INDEXs = PUSH s / BINOP Times / BINOP PlusA where s can be W=4, S=2, C=1, D=8 LDLs n = LOCAL n / LOADs STLs n = LOCAL n / STOREs LDGs n = LDKW n / LOADs STGs n = LDKW n / STOREs LDIs = INDEXs / LOADs STIs = INDEXs / STOREs LDNW n = CONST n / LDIW STNW n = CONST n / STIW LDEW n = LDLW -4 / LDNW n STEW n = LDLW -4 / STNW n INCL n = LDLW n / INC / STLW n DECL n = LDLW n / DEC / STLW n JEQZ lab, etc. = CONST 0 / JEQ lab, etc. TESTGEQ lab = DUP 0 / JLT lab JTYPET m lab = TYPETEST m / JUMPT lab JTYPEF m lab = TYPETEST m / JUMPF lab
Support instructions
The assembler and bytecode interpreter spend lots of opcodes on common instructions like "load local", so that a fair number of locals can be accessed with a fast, single-byte instruction. To free up opcodes for this, they implement other, less common instructions with an equivalent short sequence of others. These extra instructions are there to help with this process.

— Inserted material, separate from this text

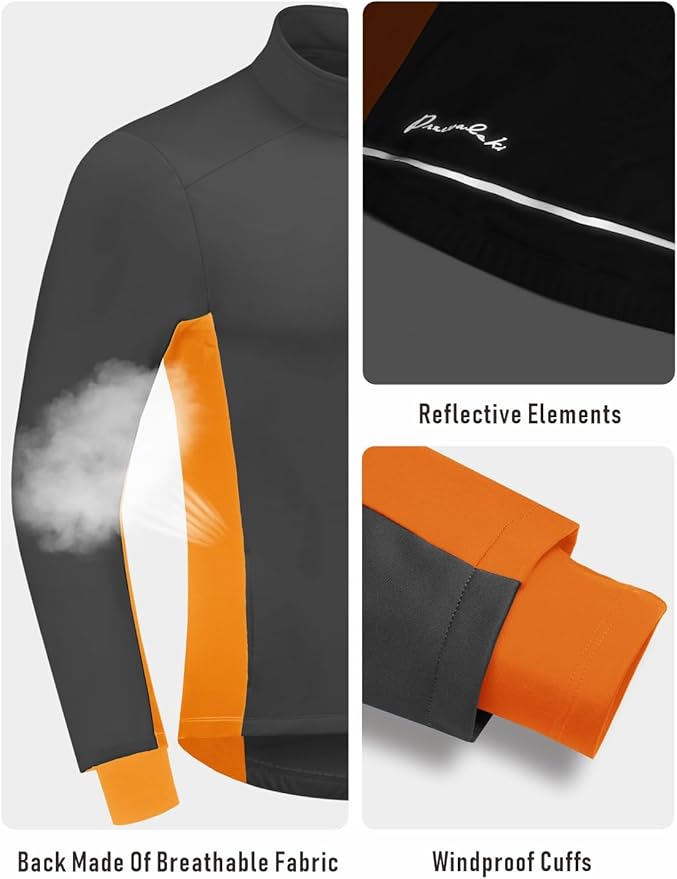 Przewalski Cycling Bike Jackets for Men Winter Thermal Running Jacket Windproof Breathable Reflective Softshell Windbreaker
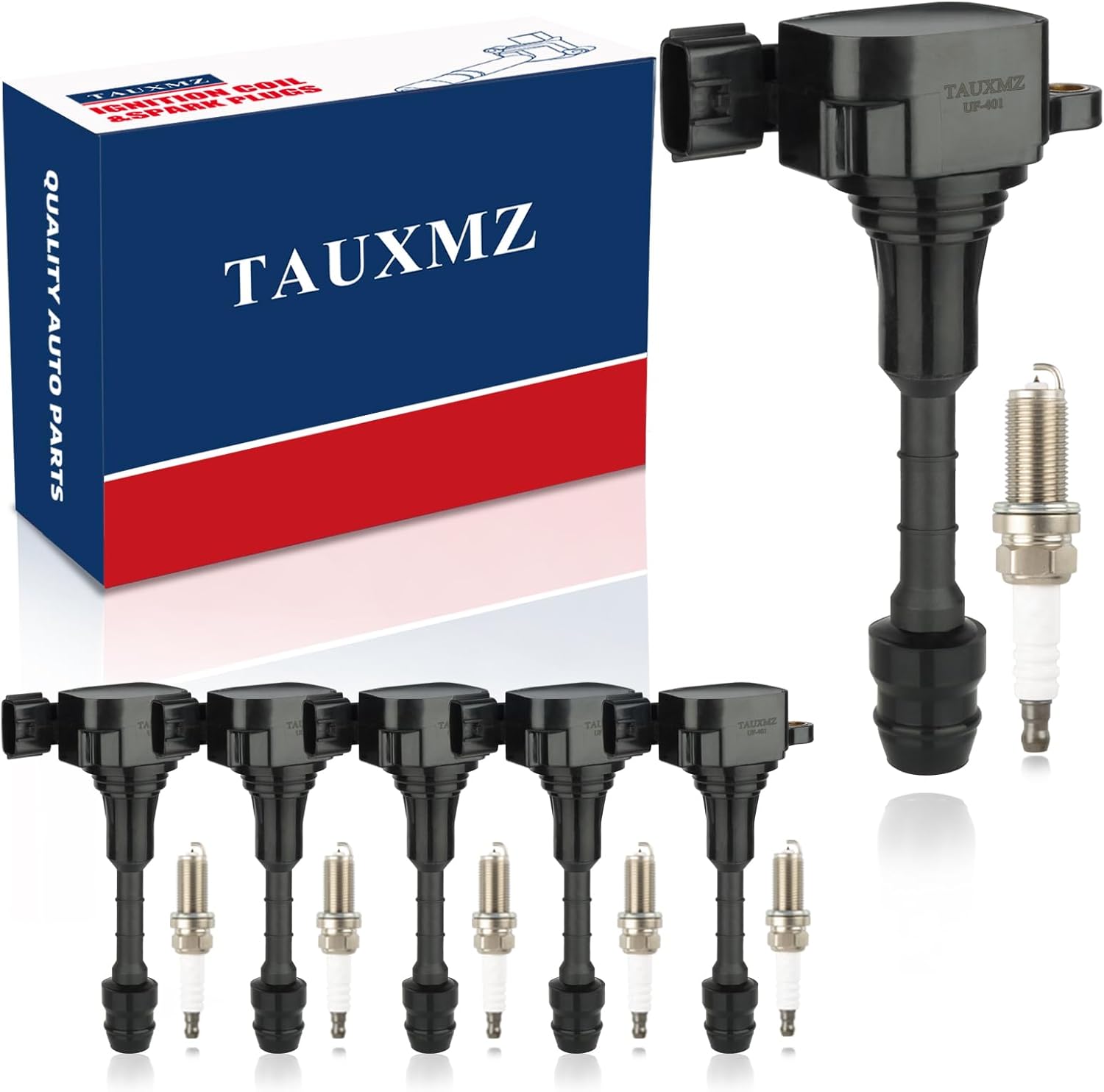 Ignition Coil UF401 and Spark Plug NGK4469 for Nissan Infiniti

FCMP -- Compare floating point values and push comparison indicator DCMP -- Ditto for double-precision values
Because these instructions are never generated by the compiler, but only be the assembler as part of a canned sequence, it's OK for a JIT translator to handle them only in restricted circumstances; for example, FCMP
is always followed by an integer comparison with zero or a conditional jump.